When preparing my clients tax returns I often get asked or come across a situation where my client has either put down expenses for business use that are disallowed for tax purposes or worse still they omit claims that they should be putting down to minimise their tax bills.
There are three main ways that a business can operate (Sole Trader, Partnership and Ltd Company) and they form in which a business operates can also affect the way an expense is treat for tax purposes.
An example of this being that a sole trader paying themselves a salary is not tax deductible whereas a Ltd Company with a sole director paying their director a salary can be a tax deductible expense for the Ltd Company.
For this short blog I will focus mainly on Sole Traders and Self Assessment tax returns but many of the expenses listed below can be set against the income for other forms of businesses to reduce their tax liabilities.
Once a year a self assessment tax return is prepared, checked and submitted to HMRC for sole traders and within these returns are details of income and the expenses for the business.
One important thing to remember is that a business expense must be wholly and exclusively for business use in order for it to be claimed for tax purposes. The exception to this rule would be a non-commercial vehicle (i.e car) as this would be blocked as an tax deductible expense but if they are legitimately for business purposes then they can be written off over time using capital allowances.

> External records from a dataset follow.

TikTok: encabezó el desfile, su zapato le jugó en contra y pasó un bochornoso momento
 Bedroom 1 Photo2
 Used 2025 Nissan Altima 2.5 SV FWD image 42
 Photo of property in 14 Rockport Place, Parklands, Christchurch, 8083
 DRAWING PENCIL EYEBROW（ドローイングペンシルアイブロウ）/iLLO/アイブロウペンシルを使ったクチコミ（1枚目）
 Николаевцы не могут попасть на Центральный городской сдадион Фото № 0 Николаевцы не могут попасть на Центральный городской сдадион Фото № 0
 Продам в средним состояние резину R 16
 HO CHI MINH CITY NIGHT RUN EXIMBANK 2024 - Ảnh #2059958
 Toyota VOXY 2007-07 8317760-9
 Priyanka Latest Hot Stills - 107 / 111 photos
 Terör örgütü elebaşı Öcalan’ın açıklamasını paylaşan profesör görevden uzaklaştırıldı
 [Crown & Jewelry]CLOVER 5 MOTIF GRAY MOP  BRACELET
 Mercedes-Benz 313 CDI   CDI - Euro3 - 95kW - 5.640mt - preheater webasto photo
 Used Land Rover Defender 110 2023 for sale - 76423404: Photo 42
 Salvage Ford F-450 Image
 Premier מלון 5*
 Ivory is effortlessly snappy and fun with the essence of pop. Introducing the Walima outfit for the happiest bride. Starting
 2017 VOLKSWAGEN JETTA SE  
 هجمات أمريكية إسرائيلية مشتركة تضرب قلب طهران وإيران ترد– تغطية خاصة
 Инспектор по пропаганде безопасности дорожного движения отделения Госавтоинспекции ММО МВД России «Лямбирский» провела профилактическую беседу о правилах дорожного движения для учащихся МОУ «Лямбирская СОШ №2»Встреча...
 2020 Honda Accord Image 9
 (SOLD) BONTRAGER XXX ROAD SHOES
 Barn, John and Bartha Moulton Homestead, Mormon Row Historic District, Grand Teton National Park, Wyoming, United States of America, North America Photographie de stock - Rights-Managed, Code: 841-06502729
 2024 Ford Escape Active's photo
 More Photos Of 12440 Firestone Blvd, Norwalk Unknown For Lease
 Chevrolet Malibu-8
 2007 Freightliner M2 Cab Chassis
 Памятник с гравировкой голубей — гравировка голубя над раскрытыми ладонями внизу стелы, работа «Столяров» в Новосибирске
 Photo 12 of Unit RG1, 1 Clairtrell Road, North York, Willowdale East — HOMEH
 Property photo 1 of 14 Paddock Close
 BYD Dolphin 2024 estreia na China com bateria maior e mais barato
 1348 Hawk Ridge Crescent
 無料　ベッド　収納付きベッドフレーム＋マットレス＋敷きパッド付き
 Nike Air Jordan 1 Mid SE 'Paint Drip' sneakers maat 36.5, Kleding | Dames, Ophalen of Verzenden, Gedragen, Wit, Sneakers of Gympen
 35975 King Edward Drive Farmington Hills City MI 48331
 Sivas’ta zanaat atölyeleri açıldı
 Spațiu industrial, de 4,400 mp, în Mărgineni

With Covid-19 affecting the way people work, there has been a huge number of individuals who work from home. By doing so, they are entitled to claim a weekly allowance (currently £6 per week) to offset against their profits as an expense. If the amount of expenses by working from home would work out more than £6 per week then the household expenses can be apportioned in order to claim the amount used for business use.
There are many expenses that can be used for both business and personal use, an example being the purchase of a laptop, and when claiming the expenses for these only the business usage element can be claimed. So if you use the laptop for 60% Personal and 40% business then only 40% of the purchase price could be claimed as an expense.
Mobile phones are currently one of the few expenses where the personal use element doesn't matter and the full 100% can be claimed.
There are many other expenses that can be claimed and each of them are essentially specific to the business that is being carried out, e.g. safety equipment for a construction worker or a industrial printer for a printing company, etc.